Using the corona power ratio, however, as it is the main source of consumption within an ESP, shows that the change in the discharge electrode has no significant effect on the ESP performance [16]. This is further validated by cylinder-plate ESP simulations [56].

The ideal wire-to-wire spacing for the highest precipitation performance is, however, dependent on operating conditions, and there is no clear relationship between them. Zhibin and Guoquan’s model [22] has a close approximation for this case [58].

4.1.3. Collecting Electrode Geometry

Changing the collecting electrode geometry can alter the performance of an ESP significantly. This is because bending the collecting plate creates a region with a high-intensity electric field near the collecting plate [4,11,27,54]. Another benefit is that changing the design of the collection electrode improves the capturing process of the precipitated particles [4,27] in the case of C- and W-type collection plates, which is especially prevalent for two-stage ESPs.

Examples of different collecting plate designs are shown in Figure 7. The location of the collecting plates within an industrial ESP is shown in Figure 8 for a wire-plate ESP. The arrangement of opzel-type plates is parallel to the direction of the gas flow. In industrial plants, collection hoppers are often located below the collecting plates, while the transformers of the high-voltage power supplies are located at the top, alongside the control systems.

Evaluating this property is quite important for the optimization of the overall ESP geometry, as different plate geometries differ in their respective characteristics, such as electrical properties (I–V characteristics, current density uniformity, and electric field distribution) and gas flow disturbances. However, the formed ionic wind is usually very similar when neglecting the effects of the main flow [54].

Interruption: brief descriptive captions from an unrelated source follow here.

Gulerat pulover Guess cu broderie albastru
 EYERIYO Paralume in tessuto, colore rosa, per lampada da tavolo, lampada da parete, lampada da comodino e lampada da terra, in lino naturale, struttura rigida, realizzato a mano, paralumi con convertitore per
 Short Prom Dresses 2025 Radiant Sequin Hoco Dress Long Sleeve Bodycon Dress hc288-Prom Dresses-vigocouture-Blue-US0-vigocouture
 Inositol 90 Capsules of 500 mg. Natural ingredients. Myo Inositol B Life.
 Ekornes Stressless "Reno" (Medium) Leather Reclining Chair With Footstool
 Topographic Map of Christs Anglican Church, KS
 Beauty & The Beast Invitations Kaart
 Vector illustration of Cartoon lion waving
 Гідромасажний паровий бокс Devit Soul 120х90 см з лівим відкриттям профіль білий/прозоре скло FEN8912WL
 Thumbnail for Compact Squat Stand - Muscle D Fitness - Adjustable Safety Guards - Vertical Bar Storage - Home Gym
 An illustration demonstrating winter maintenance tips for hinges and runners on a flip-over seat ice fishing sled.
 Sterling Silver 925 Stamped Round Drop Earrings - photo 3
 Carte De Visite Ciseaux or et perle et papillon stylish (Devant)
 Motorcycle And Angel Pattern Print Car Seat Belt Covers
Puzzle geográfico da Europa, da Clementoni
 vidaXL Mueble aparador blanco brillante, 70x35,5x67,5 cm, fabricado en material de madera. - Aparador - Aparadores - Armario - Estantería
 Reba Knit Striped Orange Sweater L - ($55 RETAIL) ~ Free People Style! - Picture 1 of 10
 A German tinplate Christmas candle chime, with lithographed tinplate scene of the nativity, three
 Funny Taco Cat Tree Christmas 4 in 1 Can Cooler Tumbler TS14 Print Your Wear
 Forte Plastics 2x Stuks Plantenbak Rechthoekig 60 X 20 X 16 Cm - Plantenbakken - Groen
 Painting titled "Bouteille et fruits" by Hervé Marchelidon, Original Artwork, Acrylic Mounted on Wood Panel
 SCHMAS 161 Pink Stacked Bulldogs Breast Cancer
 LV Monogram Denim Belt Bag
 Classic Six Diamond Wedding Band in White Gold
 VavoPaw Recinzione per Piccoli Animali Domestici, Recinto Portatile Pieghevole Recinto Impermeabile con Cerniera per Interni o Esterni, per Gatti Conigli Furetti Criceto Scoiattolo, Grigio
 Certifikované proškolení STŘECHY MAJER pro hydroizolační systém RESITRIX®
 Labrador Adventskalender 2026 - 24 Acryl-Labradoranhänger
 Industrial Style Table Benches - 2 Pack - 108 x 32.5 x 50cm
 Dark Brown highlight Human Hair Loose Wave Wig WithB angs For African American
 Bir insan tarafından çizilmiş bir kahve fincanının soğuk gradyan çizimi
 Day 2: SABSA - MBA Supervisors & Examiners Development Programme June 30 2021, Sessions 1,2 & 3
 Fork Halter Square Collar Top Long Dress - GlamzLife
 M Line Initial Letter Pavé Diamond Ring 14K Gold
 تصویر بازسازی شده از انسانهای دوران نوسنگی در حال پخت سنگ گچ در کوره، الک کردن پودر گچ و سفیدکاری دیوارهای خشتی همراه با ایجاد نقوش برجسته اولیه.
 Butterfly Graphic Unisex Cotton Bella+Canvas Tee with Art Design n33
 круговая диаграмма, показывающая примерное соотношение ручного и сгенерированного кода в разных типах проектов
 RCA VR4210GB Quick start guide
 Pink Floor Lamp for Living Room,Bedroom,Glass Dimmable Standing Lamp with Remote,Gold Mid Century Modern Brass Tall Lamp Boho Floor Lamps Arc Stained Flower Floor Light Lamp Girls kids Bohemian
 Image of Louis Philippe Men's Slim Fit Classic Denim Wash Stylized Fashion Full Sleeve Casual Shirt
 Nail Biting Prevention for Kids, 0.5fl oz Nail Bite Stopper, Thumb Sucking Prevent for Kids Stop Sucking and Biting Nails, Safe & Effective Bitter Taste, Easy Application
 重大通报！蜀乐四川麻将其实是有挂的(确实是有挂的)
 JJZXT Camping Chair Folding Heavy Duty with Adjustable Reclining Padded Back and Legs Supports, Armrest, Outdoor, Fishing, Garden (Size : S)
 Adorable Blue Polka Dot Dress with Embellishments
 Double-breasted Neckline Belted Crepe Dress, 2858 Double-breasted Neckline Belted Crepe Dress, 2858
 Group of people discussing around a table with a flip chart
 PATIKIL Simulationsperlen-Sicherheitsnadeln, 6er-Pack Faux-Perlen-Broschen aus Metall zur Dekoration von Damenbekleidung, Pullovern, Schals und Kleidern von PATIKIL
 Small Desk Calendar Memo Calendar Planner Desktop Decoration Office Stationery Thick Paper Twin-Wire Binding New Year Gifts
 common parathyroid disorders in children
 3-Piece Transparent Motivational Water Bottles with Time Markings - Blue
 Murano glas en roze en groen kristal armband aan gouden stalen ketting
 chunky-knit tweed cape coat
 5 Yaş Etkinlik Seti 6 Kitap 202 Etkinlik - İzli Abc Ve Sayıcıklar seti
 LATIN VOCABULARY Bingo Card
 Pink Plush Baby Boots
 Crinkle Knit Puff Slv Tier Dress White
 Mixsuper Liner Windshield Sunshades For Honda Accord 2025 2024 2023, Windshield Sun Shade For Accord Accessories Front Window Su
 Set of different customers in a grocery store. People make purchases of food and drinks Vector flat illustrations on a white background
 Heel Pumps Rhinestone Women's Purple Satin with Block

In addition to the aforementioned geometries, the overall precipitation performance can also be influenced by other geometric parameters, such as the width of the collecting plates (channel length) [9]. Other variables, such as the existence of uneven collection plates, can affect the flow suppression in regions close to these plates [59].

4.1.4. Collecting Electrode Spacing

Unlike the effect that the discharge wire spacing has on collection efficiency, the effect of plate-to plate spacing is much more prominent [18,19], making it one of the more important criteria when evaluating the performance of an ESP. Generally, the collection efficiency is higher for narrower channel widths (less spacing) between subsequent plates (assuming constant current density) [5,11,16,18]. The effect is especially apparent in wire-plate type and transverse plate ESPs (Figure 1 and Figure 2, respectively).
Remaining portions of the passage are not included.